Bradford drinkers discussing the war over a pint has helped bolster the profits of a major pubs chain.

Britain's second-biggest pubs owner Punch Taverns - which owns some 45 pubs across Bradford - today said world crises meant more people went to the pub - and helped it achieve better-than-expected first half profits of £55.6 million.

Operations director Andrew Thompson said: "There's no doubt about it, when a crisis like war, and in past years the petrol crisis, occur people do adjourn to the local to discuss the ways of the world.

"About three-quarters of our estate is in local pubs and they have been more resilient than the high street during the conflict in Iraq."

The company, which has acquired a pub every four weeks on average so far this year in Yorkshire, saw pre-tax profits at its portfolio of leased and tenanted pubs rise 17 per cent to £55.6 million from £47.6 million in the same period of 2002.

It was reporting its maiden interim results for the 28 weeks to March 1, after listing on the London Stock Exchange in May.
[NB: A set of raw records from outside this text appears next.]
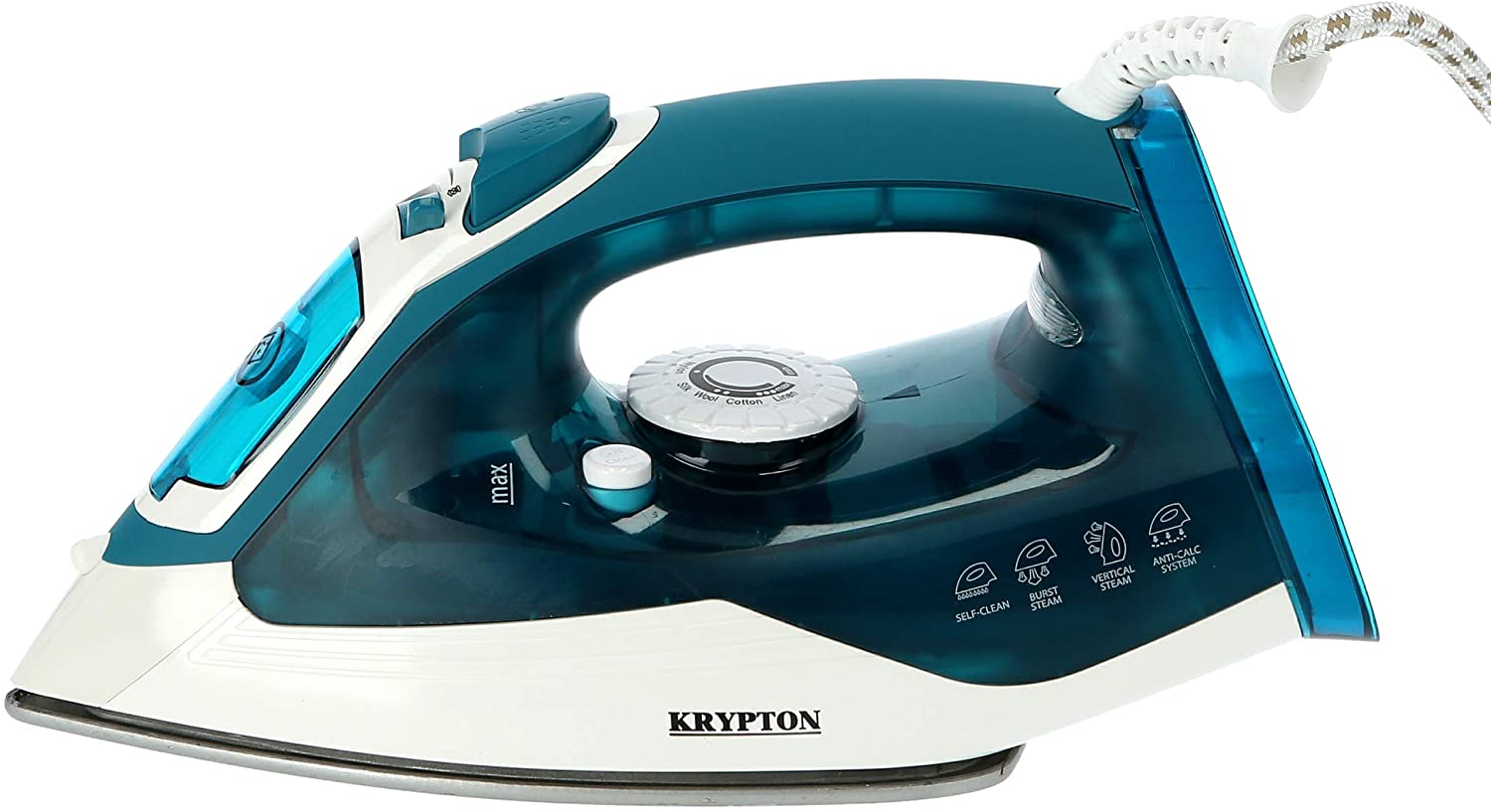 Krypton 2000w Easy Slide Steam Iron Blue & White
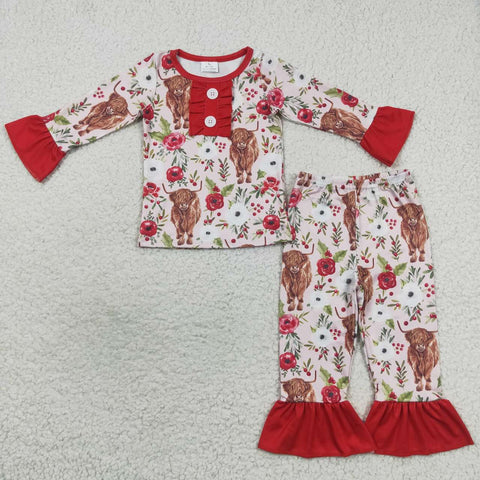 GLP0665 toddler girl clothes highland cow winter pajamas set valentines day set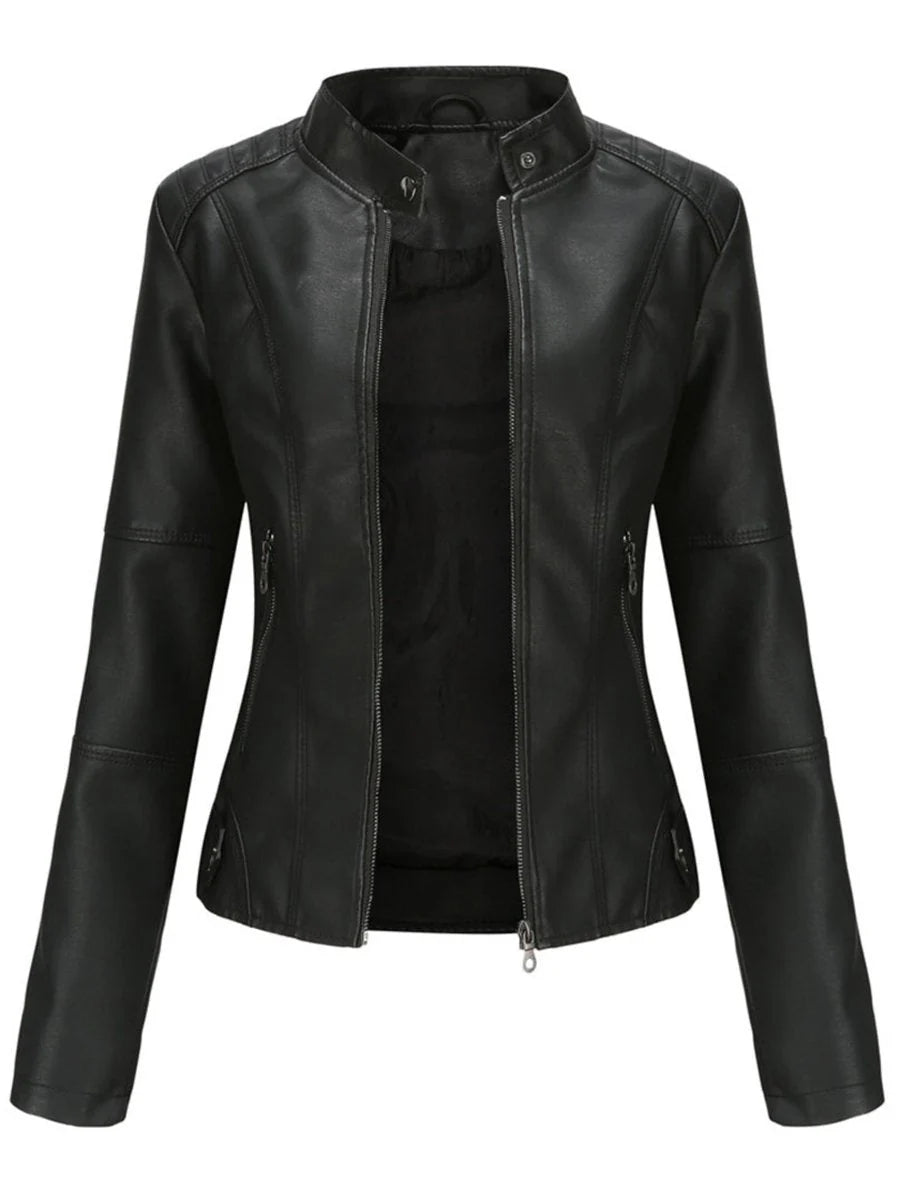 Women's biker jacket | Tailored cut & stand-up collar 0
Among the pubs it owns are the Railway, Birstall; the Ring O'Bells, Bolton Road, Bradford; the Black Bull Inn, Sutton-in-Craven, and the Old House at Home, Otley Road, Shipley.

Mr Thompson said concentrating on the local market was the key to improving its sales - turnover was up six per cent to £218 million.

"We look at each individual pub and see what its unexploited potential is," he said.

Analysts had been forecasting profits of about £52 million in the first half after Punch showed in January that it had avoided much of the downturn which plagued its high street rivals over the Christmas season. The group grew like-for-like sales in pubs owned for at least two years by five per cent in the first half.

The group also acquired two prestigious watering holes among a dozen pubs and hotels earlier this year. Punch bought 12 pubs including Steeton Hall, Keighley, and The Devonshire, at Grassington.